Despite the simple model structure, FastText use the n-gram and subword both technologies to help enhance the text classification results. n-gram word order help local model captures text, and most text classification tasks do not require too long dependency. subword also called char n-gram, is to break down smaller sub-word string pieces, which can be better for unknown words and rare words modeling, while learning to affix the same word semantic relations.

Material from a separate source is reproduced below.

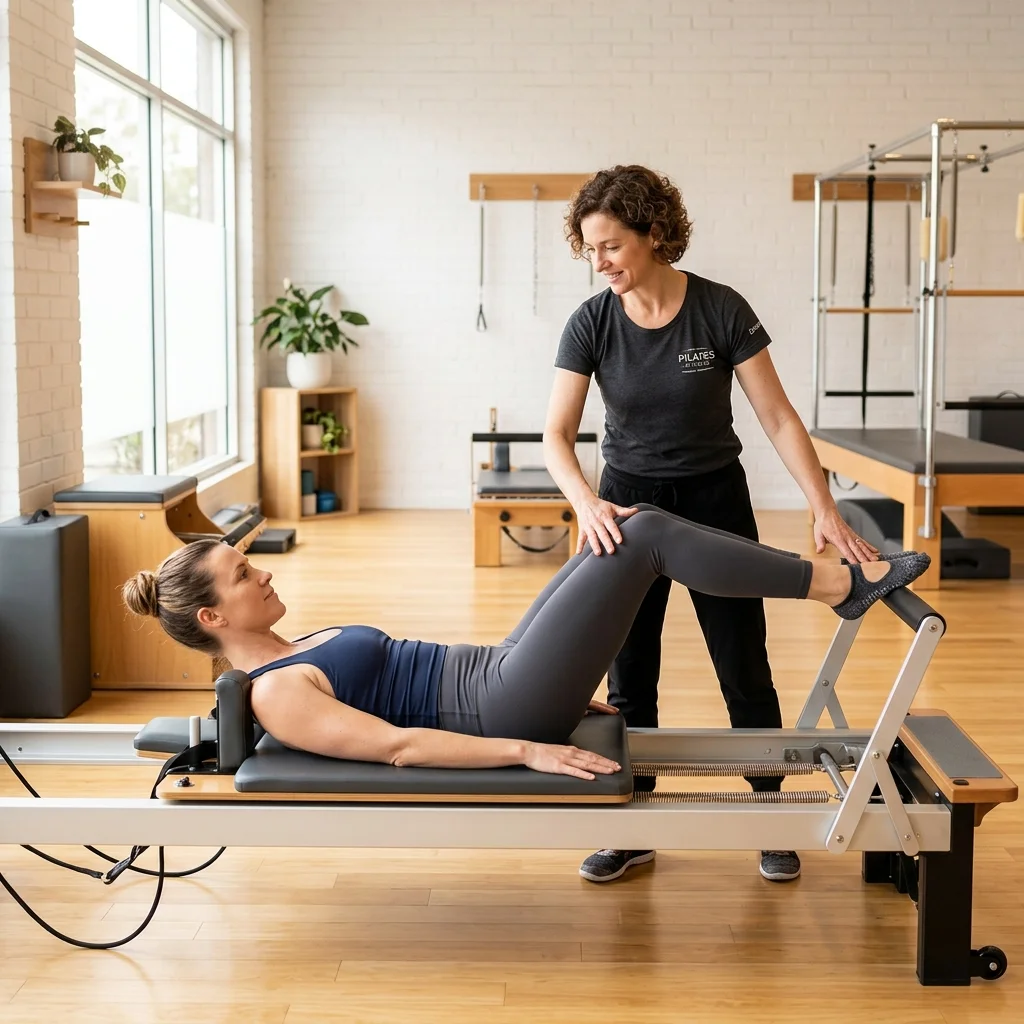 Aula de Pilates em ambiente premium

Overall, FastText for applications that require real-time high of text classification accuracy of less demanding on the scene at the same time, can be used as a baseline of the new algorithm.

Bert

BERT is a pre-trained language model Google released in 2018, it set a record 11 NLP tasks. BERT release makes the field of NLP really entered into the era of common tasks for downstream pre-trained model, but also vigorously entered the era of miracles - through more data, more accurate model for higher rates, since then various technology giant launched the model increases, the training data used more and more, simply show off their wealth. In fact, there are a lot of studies pre-trained language model before BERT, like ELMo, GPT are then more prominent achievements, many of their ideas and methods are borrowed from BERT.

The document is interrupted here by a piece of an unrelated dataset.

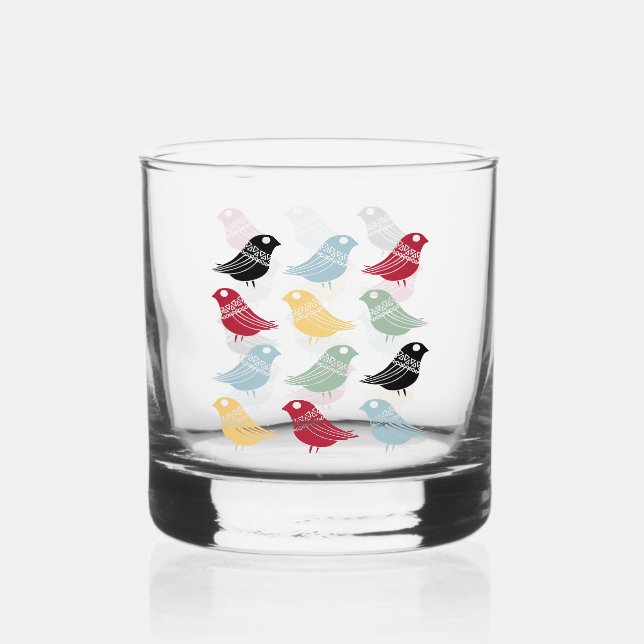 Vaso De Whiskey Quirky Abstract Birds Mid Century Danish Modern (Anverso)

Compared to predecessors, BERT was aroused so much attention, mainly because it's really stunning effect, and set records in more than NLP tasks above, and to enhance the rate are quite large. More importantly, BERT used in these tasks above do not require elaborate downstream network, basically take a simple prediction structure, then simply fine-tuning on OK.
Here Insert Picture Description
BERT model structure itself is not complicated, is divided into three parts: the bottom is embedding assembly, comprising a combination of words, the position of token types and three kinds of embedding; Deep Web intermediate layer is composed of a plurality of Transformer encoder (base version 12 floors, large version is 24 layers); the top is the component associated with the training mission, mainly softmax network. The more important innovations BERT model has two aspects, namely Masked LM and Next Sentence Prediction (NSP). Masked LM replacement portion with a word in the sentence [MASK], the true target model is to predict words on [the MASK] position.

Masked LM technology allows the introduction of BERT model into a self-encoded language model, its goal is not optimized to maximize the likelihood function of the sentence, but part of the joint conditional probability maximization mask, so BERT model can be used bidirectional Transformer, before and after use contextual information on the current word prediction.

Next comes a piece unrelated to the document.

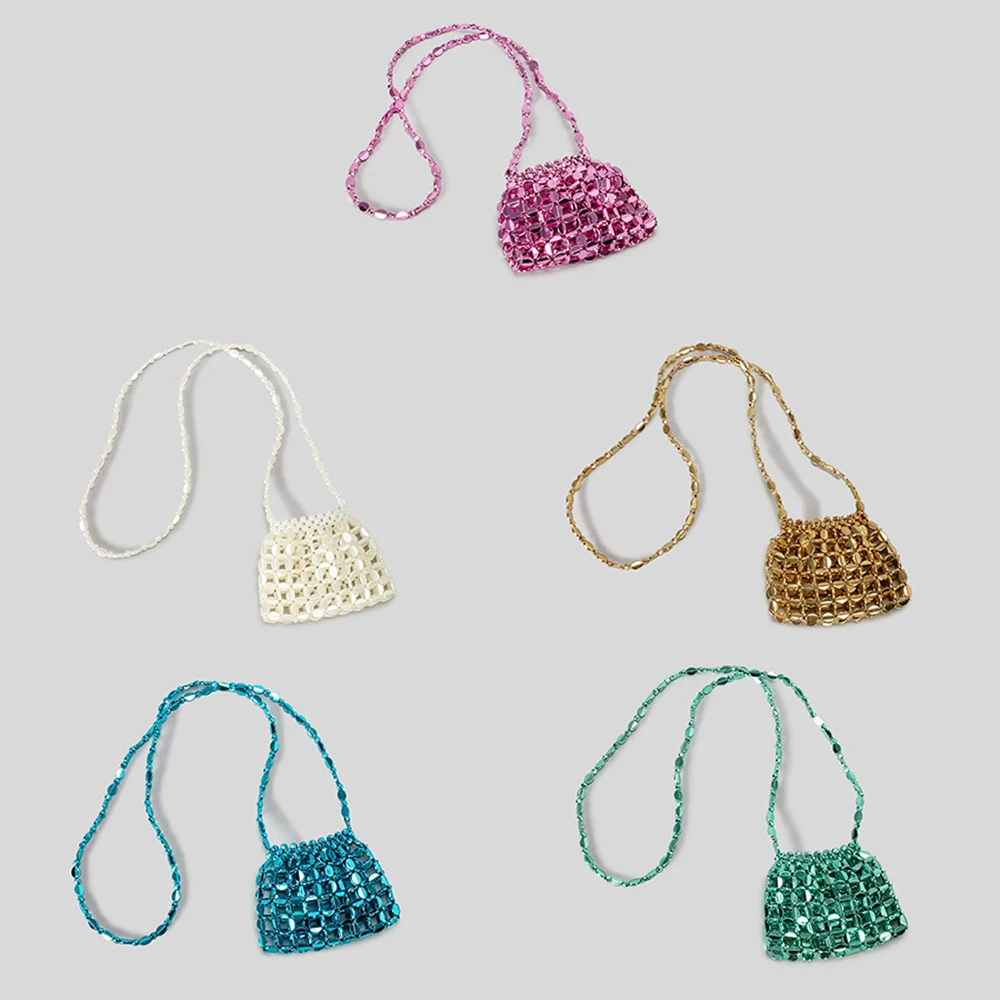 Acrylic Mini Shoulder Bag Handwoven Hollow Out Summer Fashion Beaded Women's Crossbody Bag Versatile Stylish Crafted Handbag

The language model before BERT is not truly two-way, which can be considered a relatively large improvements. BERT allow the introduction of NSP task model can better learn to the semantics of the whole sentence level. In NSP task, a sentence is input to the model (to be precise fragment, each fragment may comprise more than one sentence), the target sentence is input to the prediction whether the original two consecutive sentences. 50% real training data extracted from a corpus of sentences successive pair of the other 50% is from the corpus of random combinations. Optimization goals when training model is to minimize Masked LM and NSP combined loss of function.

BERT text classification model used in the process is relatively simple, single model input is the text, there is no need to carry out the word mask, do not form sentences right, the first output using a word as a vector representation of the text, and then take softmax network. Our experimental results show that the model BERT all methods described in this article is the best performance, now part of the online application on complex business scenarios.

to sum up

This article only describes several deep learning methods used in the security business is easy to shield the text, in fact, Netease's easy to shield the contents of security services include text detection, an image detection, video detection, audio detection, artificial intelligence review and audit system the product, and advertising compliance, website content detection, detection of document content, historical data cleansing, audio and video, social entertainment, government and enterprise, and media solutions. Content security services currently provided externally has been upgraded to third-generation artificial intelligence technology to provide Jurisprudence, involving politics, fear of violence, thousands of small class advertising than a dozen categories of harmful content filtering service intelligent recognition, recognition accuracy rate of more than 99.8 %.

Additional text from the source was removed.